# Task statement:
Once the line holding "How Much Does" is found, output it and all remaining lines of the data exactly, with every picture left out.

# Records provided:
=-=-=

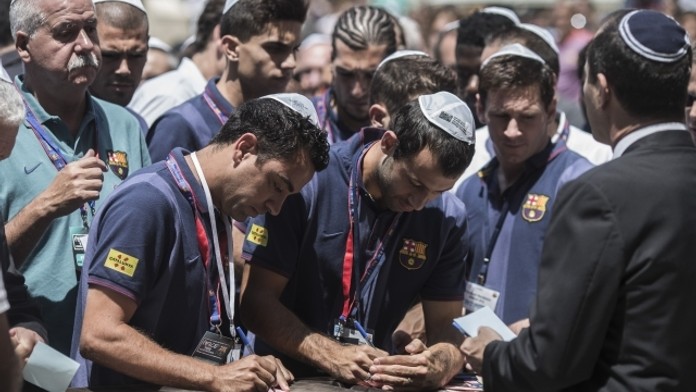 Barcelona se byla modlit u Zdi nářků. Co si přál Xavi?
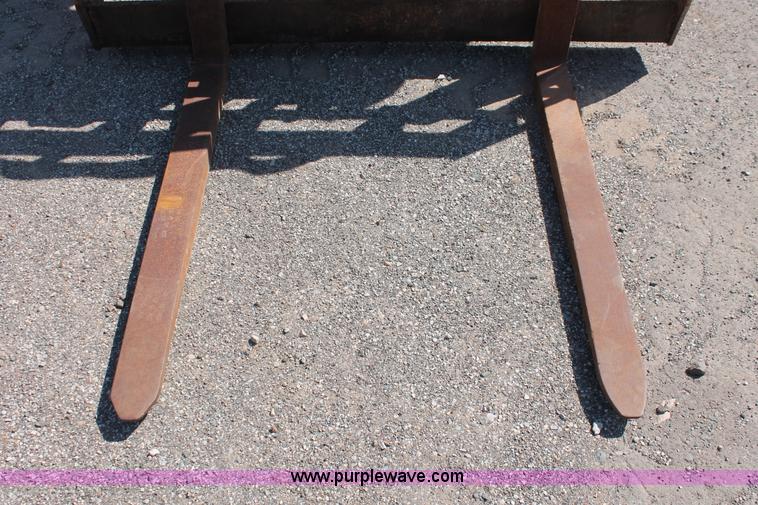 image for item H5643 2000 SkyTrak 10542 Legacy Series telehandler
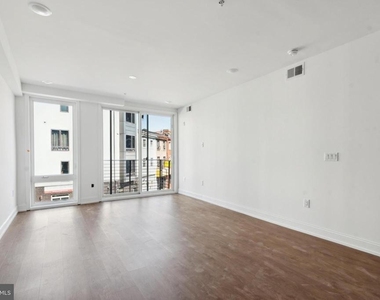 1614 Ridge Avenue - Photo Thumbnail 10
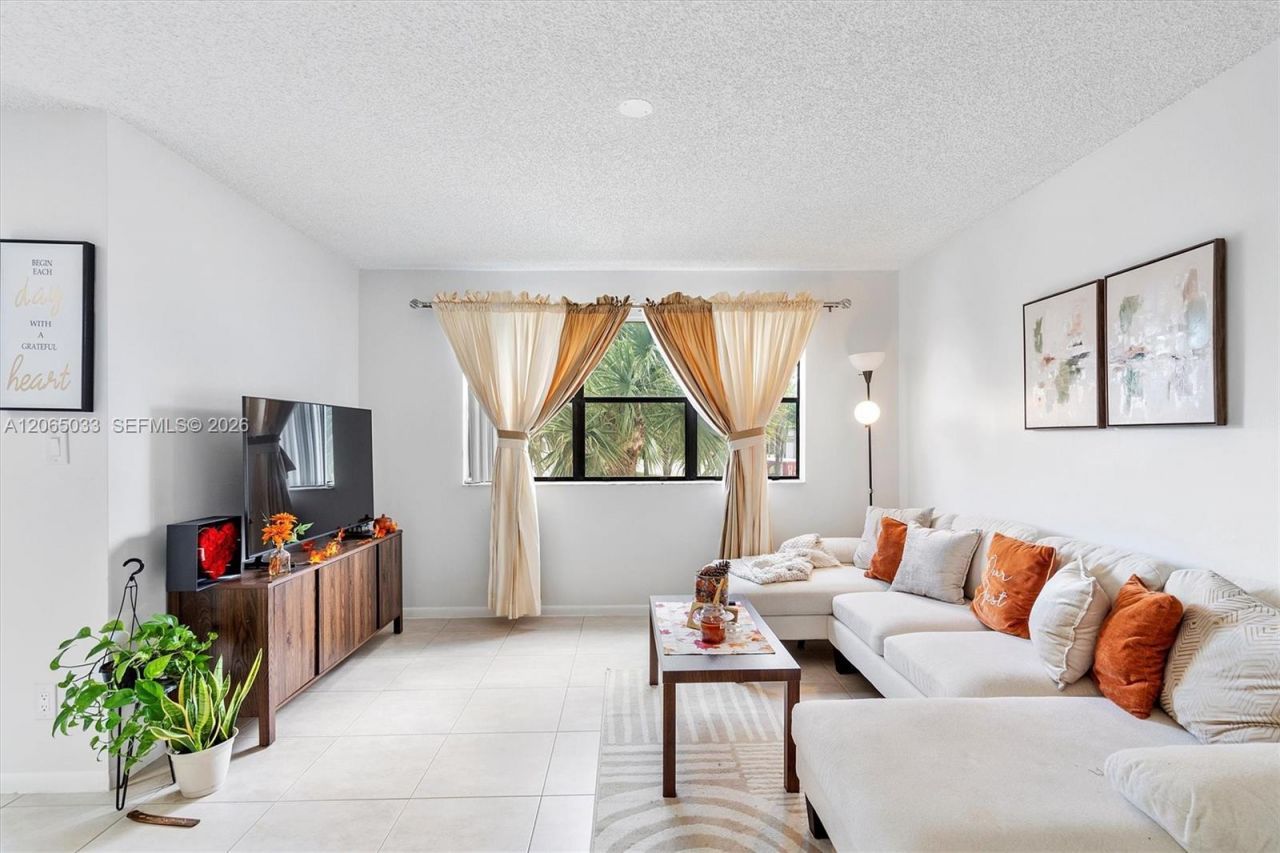 510 S Park Rd, Unit 25-10, Hollywood, FL 33021 Photo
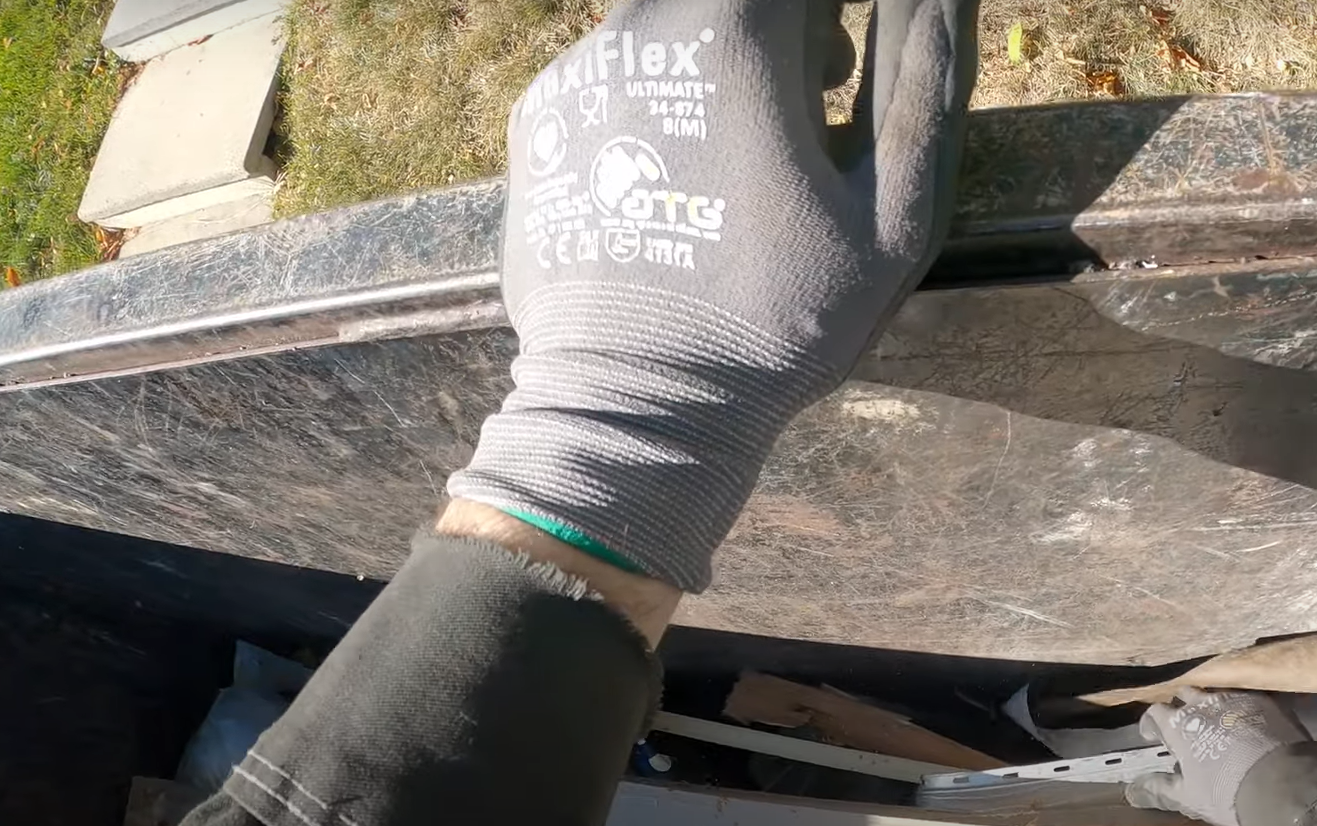 How Much Does Aluminum Siding Weigh? MetalProfy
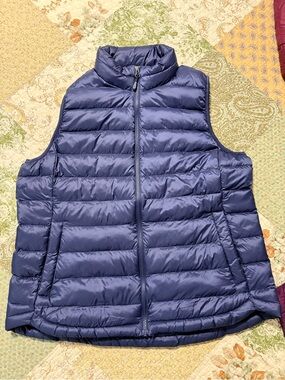 32 Degrees Quilted Puffer Vest in Deep Blue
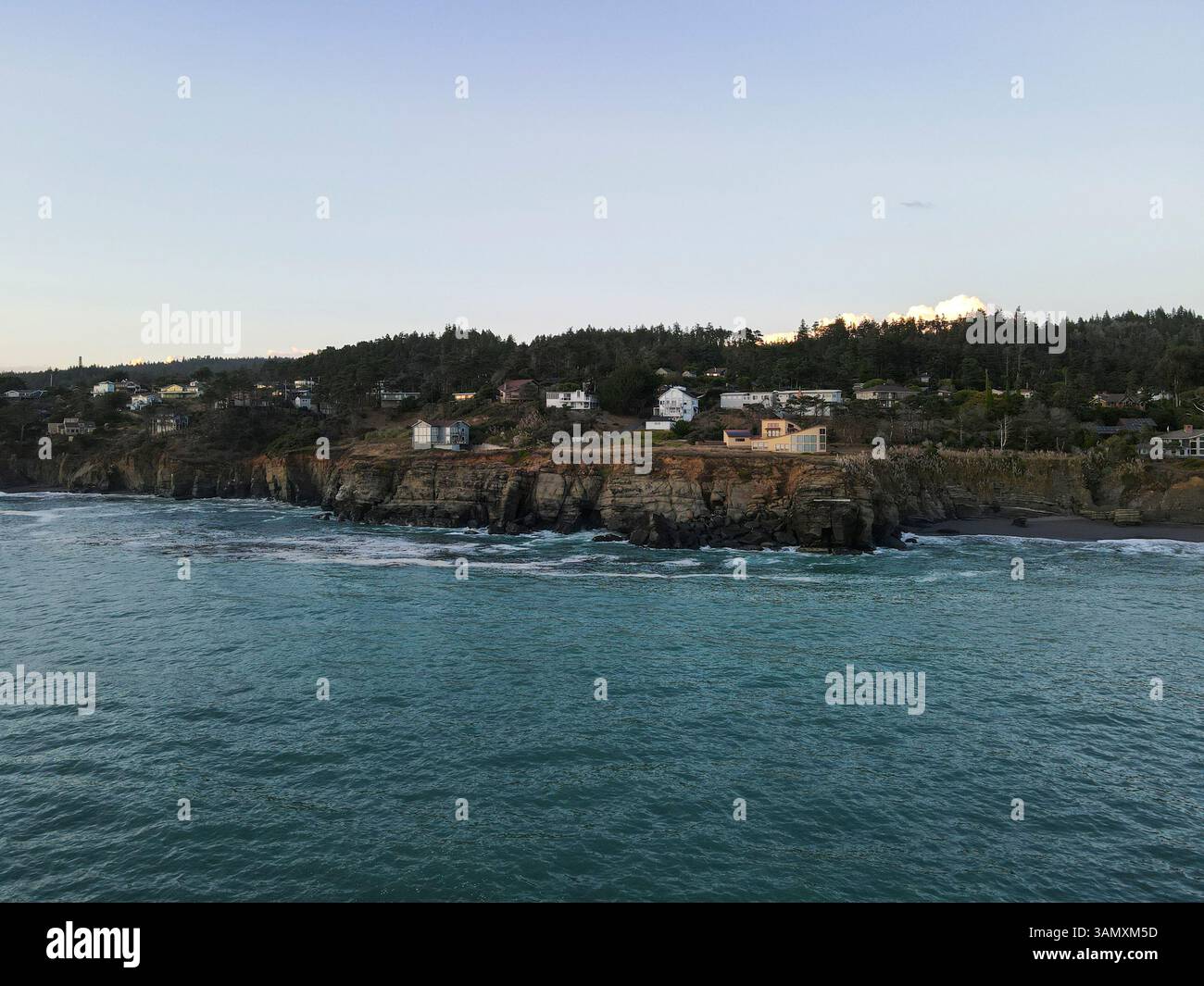Panoramablick auf malerische Klippenhäuser entlang der zerklüfteten Küste mit dem ruhigen Pazifik, Gualala, Kalifornien, USA. Stockfoto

=-=-=

# Written solution:
 How Much Does Aluminum Siding Weigh? MetalProfy
 32 Degrees Quilted Puffer Vest in Deep Blue
Panoramablick auf malerische Klippenhäuser entlang der zerklüfteten Küste mit dem ruhigen Pazifik, Gualala, Kalifornien, USA. Stockfoto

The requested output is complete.